To test a regEx or keyword:
- After adding or editing a detector, select Test String from the Testing Options drop down.
- Copy and paste a test string containing the information to capture.
- Test information that should not be captured to be sure that the regEx or keyword is only capturing intended information.
- The Match Information box will display the result.
- No matches found if the regEx/keyword did not pick up the information or
- Detected PI 0: [information that has been detected] if there is a match.
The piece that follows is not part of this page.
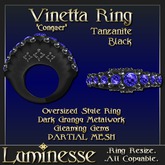 Luminesse Vinetta Tanzanite Black Ring PMESH-Wear To Unpack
Frequently asked questions
RegEx is a string of characters that represents a pattern. You can use RegEx to search for text that matches these patterns. For example, to detect Employee ID’s that consist of 2 capital letters followed by 5 digits, you could create the following custom detector using the expression: \b([A-Z]{2}[\d]{5})\b
Where:
- \b represents a word boundary
- [A-Z]{2} represents two capitalized letters in the range A to Z
- [\d]{5} represents 5 digits
- The parentheses ( ) are put around the token we want to capture as the ID
Example scenario
For a particular project, it may be important to identify Employee ID’s. Employee ID is not an out of the box detector, so building a custom detector is required.
Employee ID’s look like the following:
- N68020KL
- E93400PE
In other words, they are all in the form of one capital letter followed by 5 digits, followed by two more capital letters.
Then, the corresponding regex would be: [A-Z]\d{5}[A-Z]{2}
Following the steps described in “Testing RegExes and Keywords,” you can use the interface to test whether this regex works:
In the box in the bottom right-hand corner, the text says:
- Detected PI 0:
- N68020KL
This indicates that the regex successfully recognizes Employee ID’s.
RegEx recommendations
- Avoid the * character when creating regexes, as they can result in performance issues.
- Data Breach Response uses the Java 8 version of regexes.